Más allá de su sensibilidad social o su capacidad para comprender el complejo entramado del negocio, el futbolista está programado para jugar. Su verdad está dentro de la cancha y cuando se va dando cuenta de que el cierre de su carrera se aproxima, anhela algún tipo de bienestar para terminarla en paz.
Que el principal artífice de la mejor etapa de la historia de un club deba lidiar con los problemas que viene arrastrando Messi en el Barcelona no es saludable ni justo. Claramente, merecería irse de un modo pacífico y alejado de conflictos, sin verse mezclado en luchas de poder, temas políticos o utilizaciones electorales.
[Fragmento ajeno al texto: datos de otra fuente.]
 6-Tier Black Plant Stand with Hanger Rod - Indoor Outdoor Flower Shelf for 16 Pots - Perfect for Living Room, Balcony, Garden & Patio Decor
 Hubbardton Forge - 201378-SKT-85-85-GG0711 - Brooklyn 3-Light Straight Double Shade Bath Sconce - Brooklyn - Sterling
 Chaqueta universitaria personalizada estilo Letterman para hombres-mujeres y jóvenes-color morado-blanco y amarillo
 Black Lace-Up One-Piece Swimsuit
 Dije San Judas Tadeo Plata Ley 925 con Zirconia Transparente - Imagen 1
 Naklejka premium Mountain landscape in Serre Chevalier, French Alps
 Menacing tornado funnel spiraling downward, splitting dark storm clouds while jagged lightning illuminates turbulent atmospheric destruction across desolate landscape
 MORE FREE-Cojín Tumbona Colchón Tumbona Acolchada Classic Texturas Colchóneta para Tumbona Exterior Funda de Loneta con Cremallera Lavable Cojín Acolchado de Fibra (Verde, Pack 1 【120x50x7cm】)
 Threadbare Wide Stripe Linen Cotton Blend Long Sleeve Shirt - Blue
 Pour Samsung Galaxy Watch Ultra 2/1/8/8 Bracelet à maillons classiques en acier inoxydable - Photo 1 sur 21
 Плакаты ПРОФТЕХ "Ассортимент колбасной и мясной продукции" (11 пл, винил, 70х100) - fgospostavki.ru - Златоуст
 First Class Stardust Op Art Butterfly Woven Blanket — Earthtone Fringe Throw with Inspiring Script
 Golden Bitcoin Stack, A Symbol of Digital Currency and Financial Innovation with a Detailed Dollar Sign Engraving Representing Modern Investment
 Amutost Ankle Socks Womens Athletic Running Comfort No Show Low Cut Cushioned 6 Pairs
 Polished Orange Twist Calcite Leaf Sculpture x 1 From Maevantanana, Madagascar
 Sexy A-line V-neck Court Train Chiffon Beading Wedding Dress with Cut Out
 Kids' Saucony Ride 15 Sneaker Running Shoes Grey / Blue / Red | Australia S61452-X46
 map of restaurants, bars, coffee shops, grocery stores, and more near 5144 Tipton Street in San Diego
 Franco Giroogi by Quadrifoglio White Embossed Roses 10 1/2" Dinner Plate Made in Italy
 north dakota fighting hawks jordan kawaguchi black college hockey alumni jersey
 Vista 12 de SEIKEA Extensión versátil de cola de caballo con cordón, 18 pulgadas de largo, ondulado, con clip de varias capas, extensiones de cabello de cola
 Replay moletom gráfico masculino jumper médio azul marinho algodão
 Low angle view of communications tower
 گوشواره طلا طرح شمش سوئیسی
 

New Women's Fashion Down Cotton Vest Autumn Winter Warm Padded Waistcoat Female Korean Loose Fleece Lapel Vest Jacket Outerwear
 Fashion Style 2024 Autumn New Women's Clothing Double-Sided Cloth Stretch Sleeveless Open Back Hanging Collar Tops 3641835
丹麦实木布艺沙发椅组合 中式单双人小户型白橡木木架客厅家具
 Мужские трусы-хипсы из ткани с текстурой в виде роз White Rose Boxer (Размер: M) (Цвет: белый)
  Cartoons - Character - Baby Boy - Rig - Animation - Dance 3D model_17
También sin carpetazos que lo sitúan como promotor de una crisis económica, sin tener en cuenta que la marca registrada de un club, la que promueve la firma de contratos millonarios, depende más de sus jugadores que de la institución en sí misma. ¿O acaso la marca Barcelona hubiera valido igual sin Messi en los últimos 15 años?
Hay momentos en la trayectoria de un jugador en los que se puede tomar con indiferencia el clima externo. Pasar por alto el hecho de estar rodeado de buitres, o de dirigentes/empresarios que jamás van a comprender lo que se siente en un grupo o un vestuario después de una derrota, que nunca entenderán que el resultado es una posibilidad involuntaria, que un equipo te puede superar o que a veces se puede jugar un mal partido.
La situación cambia cuando ese mismo jugador percibe que lentamente empieza a apagarse la luz. Ahí ya necesita estar rodeado de otros componentes que lo ayuden a sacar de adentro aquello que puede estar gastándose. Si por el contrario el ambiente no es el propicio, el esfuerzo requerido será el doble o el triple, y no todo el mundo se encuentra capacitado o con voluntad para afrontarlo.
Por ahora, y salvo en los primeros partidos de la temporada, las prestaciones de Messi en este Barcelona actual, irregular y poco fiable, son impecables. Pese al hermetismo que siempre lo ha rodeado, desde afuera es posible suponer las contradicciones que quizás esté viviendo. Está en un club que es su casa, en el que ha disfrutado y soportado buenos y malos momentos, con dirigencias diferentes, con planteles que se han desmantelado, ha visto marcharse a compañeros que quería mucho, y él ha estado siempre ahí, sosteniendo al equipo, demostrando su profundo sentimiento hacia la ciudad y los hinchas.
En esa coyuntura, Messi está poniendo sobre la mesa una fuerza mental superior, digna de los grandes cracks. Sigue siendo el salvador, el mago, el héroe, el jugador esencial del que se espera que solucione todo. Se desenvuelve con naturalidad, ajeno a lo que se habla alrededor, como si nada lo afectara. Incluso a pesar de la falta de respuestas de su propio equipo, o de las dolorosas huellas que sin duda habrán dejado caídas tan duras como las sufridas ante Bayern, Liverpool o Roma.
Recuerdo el tiempo que me tocó con convivir con Diego Maradona en Boca. Todos nosotros estábamos muy serios, abrumados por la responsabilidad que le inyectan al jugador haciéndole creer que cada partido es el fin del mundo...pero eso duraba hasta que Diego veía la pelota en el medio de la cancha, se ponía a hacer jueguito, se reía como si fuese un chico y aflojaba las tensiones.
Se me ocurre que a Messi le sucederá algo parecido. La pelota es la defensa que tiene un futbolista ante las obligaciones, las demandas, la seriedad y las presiones. Es la conexión con el origen, con el pibe que, aunque no se lo vea, siempre está por debajo de las luces de neón, con el barrio. La cancha es el refugio, el lugar donde se libera y se siente tan feliz como para seguir disfrutando como lo ha hecho siempre, más allá de que hoy dé la sensación de estar jugando contra todo y contra todos.